- Born: 1953 (age 72–73)
- Other name: Greywolf
- Known for: British Druid Order

= Philip Shallcrass =

Chief of the British Druid Order

Philip Shallcrass (born 1953), often known by his Druid name, Greywolf, is Chief of the British Druid Order. He is an English artist, writer, poet, musician and singer-songwriter who pioneered a "shamanic" Druidism.

==Background==
Philip Shallcrass was born in Sussex, England in 1953. His first visit to Avebury occurred in the 1970s. In 1974 he discovered Druidry through reading Robert Graves' The White Goddess. In the same year, Shallcrass read Mircea Eliade's Shamanism: Archaic Techniques of Ecstasy. Eliade's book contained descriptions of the visionary experiences of shamans that mirrored events in Shallcrass's own life. Further studies convinced him that Druidry was the earliest recorded form of native European shamanism. As a child Shallcrass was familiar with the Christian church; later, he would be inspired by the Welsh medieval text The Mabinogion and its stories. Shallcrass went on to run an occult bookshop in St. Leonards before being asked to join Alex Sander's coven, an offer which he would turn down. After working on Wicca with a different group Shallcrass went on to form the Grove of the Badger, a group based on Druidic principles. As a result of running a Druid group he decided that he was running a religious house as a response to Margaret Thatcher and the poll tax, providing proof of this to the relevant authorities which would propel him further along the course of Druidry.
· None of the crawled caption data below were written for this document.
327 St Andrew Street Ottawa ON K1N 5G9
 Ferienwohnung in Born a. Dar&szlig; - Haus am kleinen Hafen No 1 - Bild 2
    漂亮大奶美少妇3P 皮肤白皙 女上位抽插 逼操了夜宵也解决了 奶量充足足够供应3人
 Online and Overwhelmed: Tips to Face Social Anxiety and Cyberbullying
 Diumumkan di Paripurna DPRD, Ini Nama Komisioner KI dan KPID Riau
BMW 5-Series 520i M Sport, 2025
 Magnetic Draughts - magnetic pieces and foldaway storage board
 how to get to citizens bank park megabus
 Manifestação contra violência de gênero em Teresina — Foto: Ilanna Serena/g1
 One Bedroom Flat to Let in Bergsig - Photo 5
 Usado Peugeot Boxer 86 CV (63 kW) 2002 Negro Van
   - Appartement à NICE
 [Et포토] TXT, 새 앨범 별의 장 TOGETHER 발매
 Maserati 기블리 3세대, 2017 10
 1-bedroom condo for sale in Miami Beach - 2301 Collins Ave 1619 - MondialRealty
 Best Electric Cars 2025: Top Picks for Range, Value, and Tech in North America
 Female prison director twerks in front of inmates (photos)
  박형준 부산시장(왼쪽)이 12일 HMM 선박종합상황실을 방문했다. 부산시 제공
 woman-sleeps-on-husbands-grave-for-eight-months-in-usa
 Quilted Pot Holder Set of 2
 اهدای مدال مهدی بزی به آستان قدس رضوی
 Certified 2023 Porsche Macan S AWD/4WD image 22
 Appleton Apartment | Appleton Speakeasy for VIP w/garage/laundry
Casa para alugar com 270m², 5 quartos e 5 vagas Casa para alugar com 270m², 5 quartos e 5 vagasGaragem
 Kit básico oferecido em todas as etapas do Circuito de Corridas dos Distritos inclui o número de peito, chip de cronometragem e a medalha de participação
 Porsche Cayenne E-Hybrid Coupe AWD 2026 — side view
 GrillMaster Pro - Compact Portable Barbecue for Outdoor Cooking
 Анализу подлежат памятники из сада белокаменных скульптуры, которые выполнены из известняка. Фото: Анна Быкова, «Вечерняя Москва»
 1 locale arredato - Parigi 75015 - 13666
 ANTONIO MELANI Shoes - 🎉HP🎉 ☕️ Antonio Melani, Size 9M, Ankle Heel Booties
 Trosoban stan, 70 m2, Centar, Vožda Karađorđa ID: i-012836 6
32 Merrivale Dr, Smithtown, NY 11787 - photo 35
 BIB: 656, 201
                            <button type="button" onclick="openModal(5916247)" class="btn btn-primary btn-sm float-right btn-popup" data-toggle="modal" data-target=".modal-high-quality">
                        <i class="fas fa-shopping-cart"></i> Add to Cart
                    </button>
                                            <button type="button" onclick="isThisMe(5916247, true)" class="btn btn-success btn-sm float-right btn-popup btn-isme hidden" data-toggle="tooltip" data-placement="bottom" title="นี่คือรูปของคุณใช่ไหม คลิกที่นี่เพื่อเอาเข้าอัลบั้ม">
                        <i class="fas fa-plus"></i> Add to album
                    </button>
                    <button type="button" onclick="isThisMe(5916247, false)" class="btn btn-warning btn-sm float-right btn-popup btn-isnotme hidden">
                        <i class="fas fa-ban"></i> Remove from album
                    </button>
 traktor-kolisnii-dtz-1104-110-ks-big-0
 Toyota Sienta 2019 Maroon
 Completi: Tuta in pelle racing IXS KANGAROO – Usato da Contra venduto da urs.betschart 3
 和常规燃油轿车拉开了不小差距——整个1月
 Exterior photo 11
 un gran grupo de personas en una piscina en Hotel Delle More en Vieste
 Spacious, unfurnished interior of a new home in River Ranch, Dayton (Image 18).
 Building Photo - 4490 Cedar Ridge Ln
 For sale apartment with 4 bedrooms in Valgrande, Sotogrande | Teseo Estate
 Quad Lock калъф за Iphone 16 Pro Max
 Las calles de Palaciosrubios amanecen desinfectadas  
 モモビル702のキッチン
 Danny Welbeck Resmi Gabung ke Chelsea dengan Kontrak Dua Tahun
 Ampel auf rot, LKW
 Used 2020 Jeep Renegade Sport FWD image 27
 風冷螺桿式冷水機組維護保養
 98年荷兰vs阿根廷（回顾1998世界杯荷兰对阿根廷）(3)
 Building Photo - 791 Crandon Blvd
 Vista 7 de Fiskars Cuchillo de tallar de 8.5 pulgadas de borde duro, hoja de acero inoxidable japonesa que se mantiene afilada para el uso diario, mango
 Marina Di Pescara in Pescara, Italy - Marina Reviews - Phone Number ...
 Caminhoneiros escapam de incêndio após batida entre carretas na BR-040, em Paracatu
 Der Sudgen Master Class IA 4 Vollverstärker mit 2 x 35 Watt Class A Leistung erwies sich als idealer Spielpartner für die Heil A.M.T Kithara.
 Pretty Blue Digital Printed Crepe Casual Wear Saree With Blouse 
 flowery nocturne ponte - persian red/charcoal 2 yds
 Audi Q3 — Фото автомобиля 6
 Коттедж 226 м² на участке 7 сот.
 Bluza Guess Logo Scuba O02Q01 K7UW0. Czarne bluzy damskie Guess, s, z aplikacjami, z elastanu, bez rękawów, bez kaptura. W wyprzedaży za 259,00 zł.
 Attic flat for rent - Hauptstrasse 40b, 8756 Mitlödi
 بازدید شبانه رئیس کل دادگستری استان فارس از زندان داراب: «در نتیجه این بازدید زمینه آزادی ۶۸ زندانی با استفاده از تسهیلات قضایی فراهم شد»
Meetings with Philip Carr Gomm and his wife Stephanie led to Shallcrass joining The Council of British Druid Orders and running a stall at a Pagan Federation national conference. During a sweat lodge at an OBOD camp in 1994, Shallcrass made contact with a wolf spirit who would become his spiritual guide and guardian.

==Work==
In 1978, Shallcrass joined an Alexandrian Wiccan coven, being initiated a High Priest the following year. During the course of that year, he had been writing seasonal festival rites for the coven. These were heavily influenced by his studies in Druidry. By the time the festival cycle was complete, the coven's celebrations had become so Druidic in flavour that the members agreed to stop calling themselves a coven and become instead a Grove; the Grove of the Badger. This is now seen as the Mother Grove of the British Druid Order (BDO).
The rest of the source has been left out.